Takie działanie reklamodawców wydawałoby się całkiem logiczne – trudno oczekiwać by w wakacje, gdy zimno i pada poświęcać czas na aktywność fizyczną na świeżym powietrzu, ale co z tymi, którzy przykładnie powiększają PKB kraju spędzając czas w pracy? Czy piekarze, urzędnicy, nauczyciele i sprzedawcy też siedzą w Internecie, gdy za oknem szaro i mokro? Jeśli tak, to nasza pogoń za dobrobytem Zachodniej Europy z góry jest skazana na porażkę. W kategorii dni słoneczne Warszawa przegrywa z Paryżem o 59 godzin rocznie, a z Monachium o 137 godziny. W opadach jest jeszcze gorzej – pada u nas o 47,5 dni dłużej niż nad Sekwaną i mamy prawie 30 dni deszczowych więcej niż Monachijczycy. Czy warto walczyć więc z naturą?
Jeśli nawet trudno, to jednak warto – ostatnie wydarzenia gospodarcze wskazuje, że nadmierne ciepło rozleniwia. W Atenach godzin słonecznych jest o 1207 więcej niż w Polsce, a dni deszczowych o 72 mniej. Pozostaje nam nadzieja, że pogoda umiarkowana gwarantuje więcej bezpieczeństwa.
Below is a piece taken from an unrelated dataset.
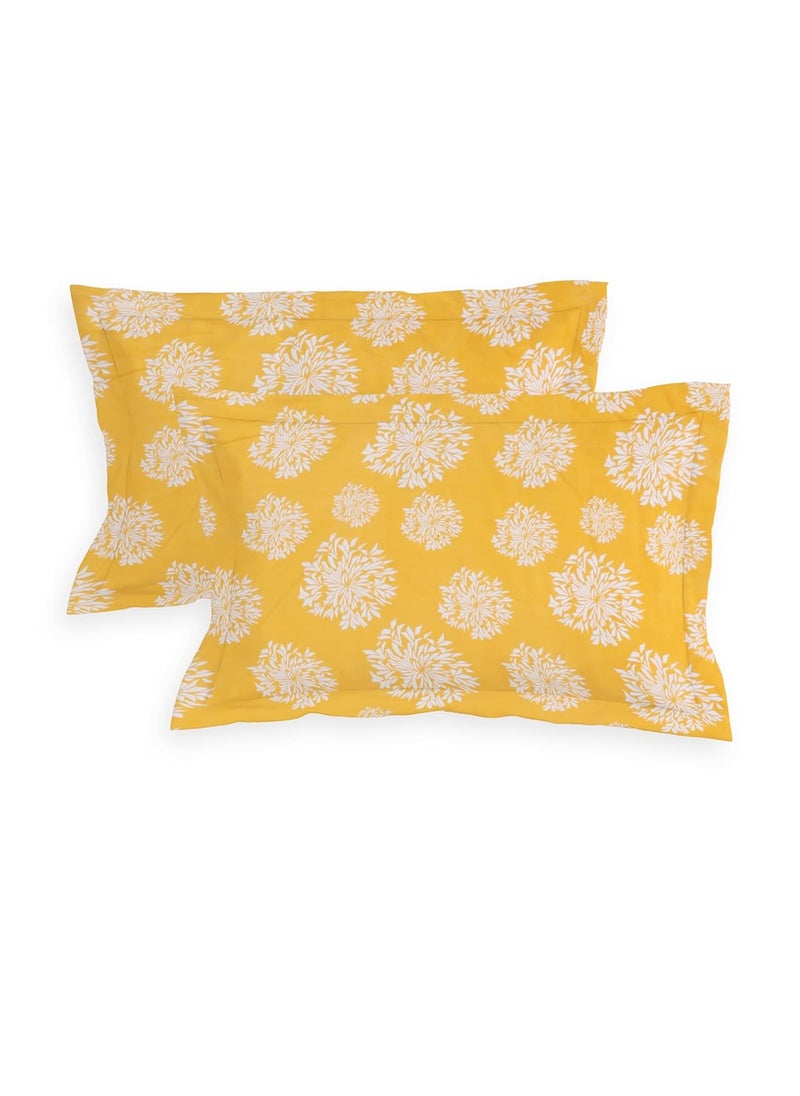 SHOMES Elastic Fitted Bedsheets with 2 King Size Pillow Covers Double Bed with All Around Elastic Size 72 x 78 x 8 Inches Yellow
Nie wiadomo tylko jak długo.
Praca, pracą, ale trzeba jeszcze nie tylko za coś żyć, ale też czymś żyć – np. miłością. Niestety całkiem sporo Polaków żyje też tą pozamałżeńską. Jak donosi „Gazeta Wyborcza” – „Co czwarty Polak zdradza, ale za to przelotnie”. Z badania CBOS wynika, że do małżeńskich zdrad przyznaje się 14 proc. badanych. Uwzględniając pozytywne odpowiedzi na pytania dodatkowe – wskaźnik skacze do 25 proc.
„Najczęściej zdradzają ludzie zamożni i dobrze wykształceni, a zdecydowana większość romansów trwa krótko”. Liderami niewierności są mieszkańcy Opolszczyzny, Pomorza i Górnego Śląska, gdzie zdradza prawie co trzecia osoba.
Czy ma to jakiś związek z pogodą? Niestety nie wiadomo.